- Developers: Nival and KranX Productions
- Publisher: Nival
- Series: King's Bounty
- Engine: Unity
- Platforms: Facebook Platform, IPad, Android, Windows Phone
- Release: NA: August 9, 2011;
- Genre: Turn-based strategy
- Mode: Multi-player

= King's Bounty: Legions =

2011 video game

King's Bounty: Legions is a turn-based strategy social-network game developed jointly by Nival and KranX Productions. It is based on the strategy game King's Bounty: The Legend, which is itself based on concepts from the much older King's Bounty developed in 1990 by New World Computing. It is currently available to play on Facebook, iPad, Windows Phone as well Android devices.

==Gameplay==
The player controls a party of up to five unit groups, each group containing between 1 and several hundred identical units, chosen among about 50 different types (e.g. druids, knights, pirates, black unicorns, dark griffins, etc.). The units come from 4 different "realms" (Kingdom, Chaos, Ancients, and Beasts) and belong to one of 5 different classes (Warriors, Defenders, Magicians, Archers, and Healers). Unit characteristics are reminiscent of the old New World Computing King's Bounty and Heroes of Might and Magic franchises. The gameplay switches between an overland map where the player's party travels between "villages" following "quests", and a hex-based tactical combat map. In the overland map the main plot is fairly linear and relatively short. Aside from the main quest, there are some special quests and each village (there are about 25 of them) also offers a "daily quest", but all the quests are resolved through combat (no riddles, puzzles or anything). Tactical combat mechanics are similar from other games (e.g. Heroes of Might and Magic), but arguably simpler.

Equipment offers a strategic dimension as defeated units leave various items behind, which can be combined into other items and ultimately serve to craft equipment for the player's party (helmet, weapon, armour, boots, shield, belt, etc.).
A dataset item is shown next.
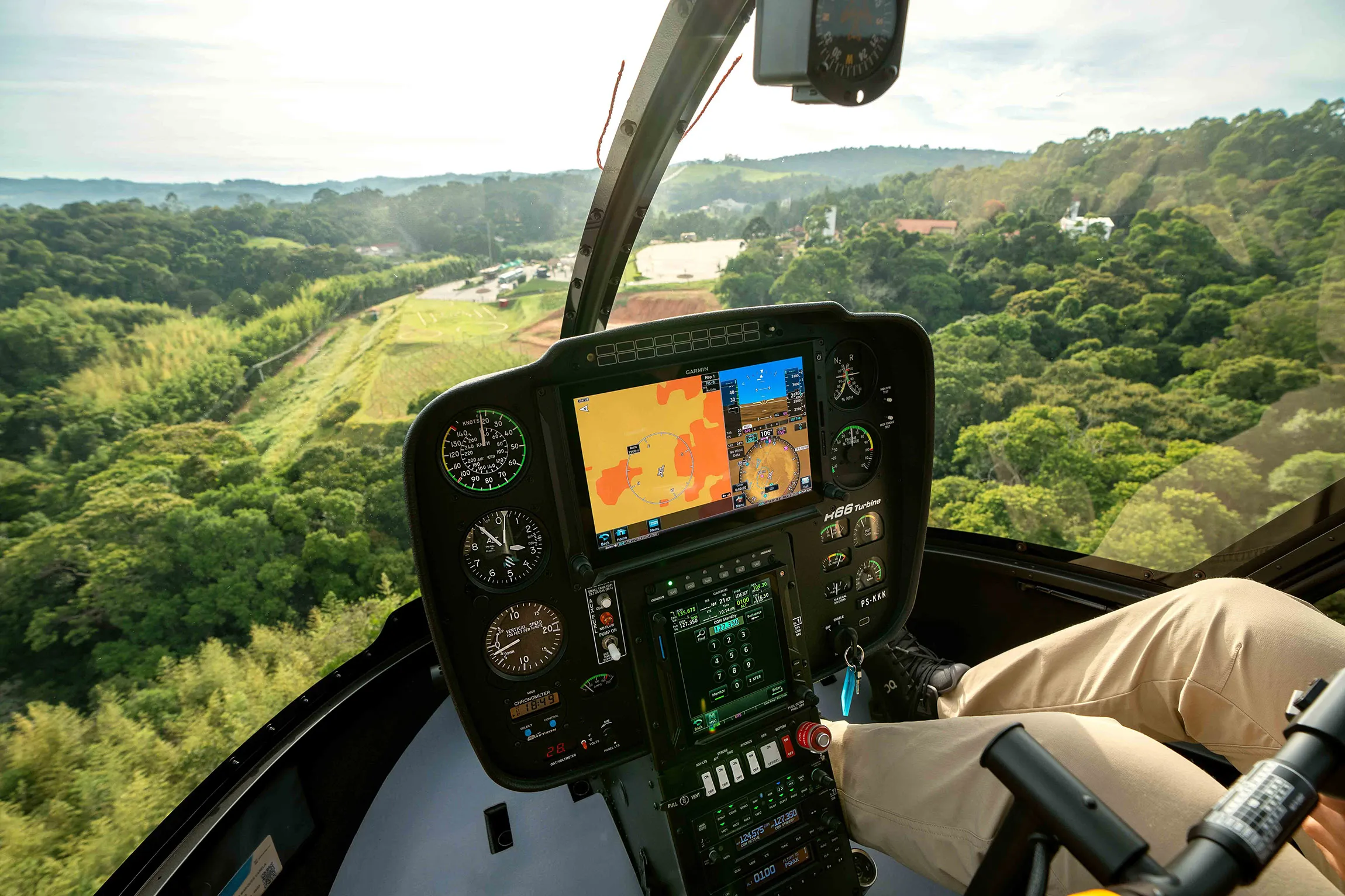 The cockpit of a helicopter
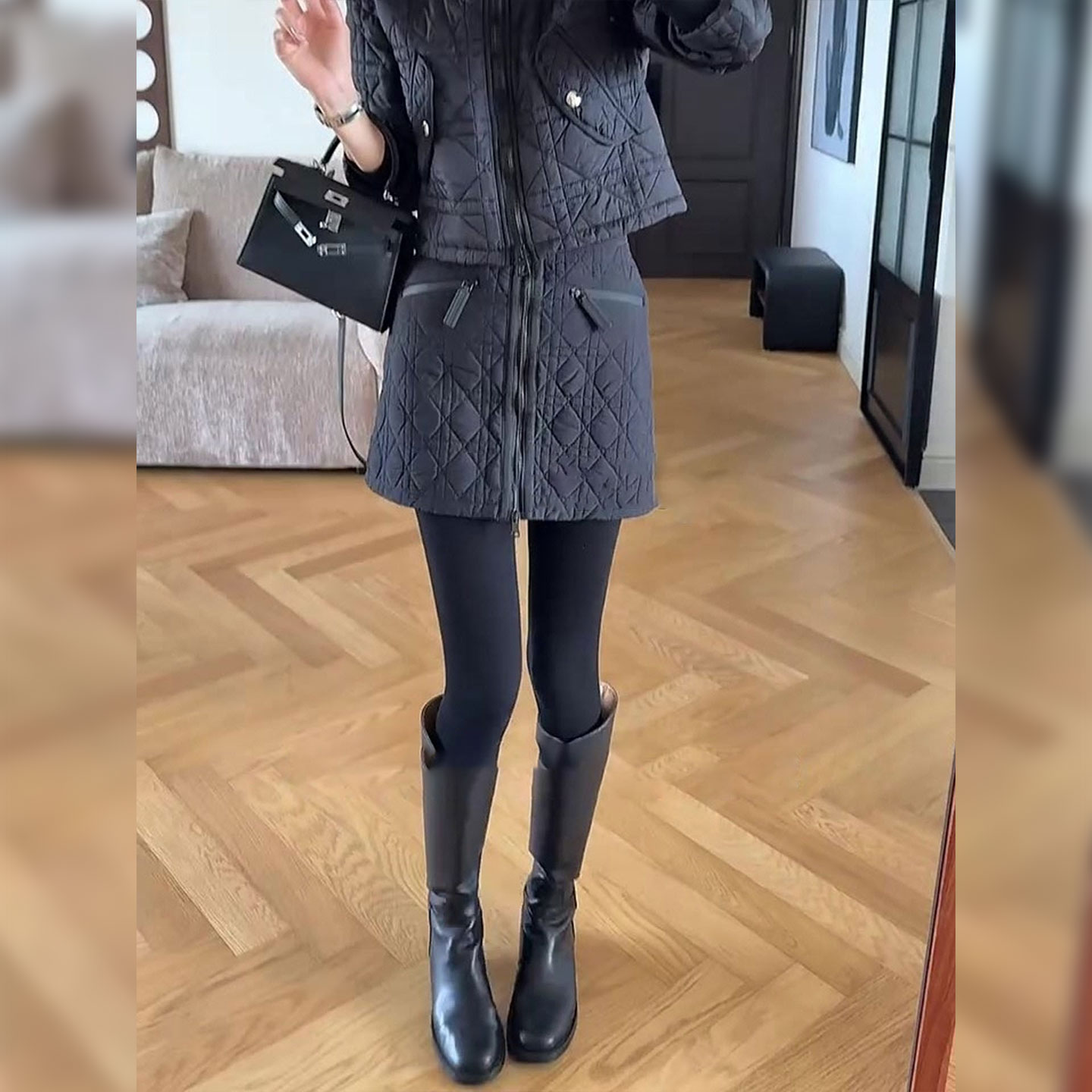 潮流爆款菱格夹棉半身裙女高腰显瘦加厚棉裙通勤百搭2025冬季新款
Since the primary items the player has at his disposal are in limited quantities, the pieces of equipment are best crafted that depend on the composition of ones' party (spending precious resources on crafting an "assassin's knife" might not be the best choice if the players don't enroll assassins in own party).

Aside from the solo play, there are also two types of "player vs. player" battles (one where the army is assembled by another player but controlled by the computer and a genuine "duel") which extend the life and replayability of the game.

King's Bounty: Legions closed the July 8 2022.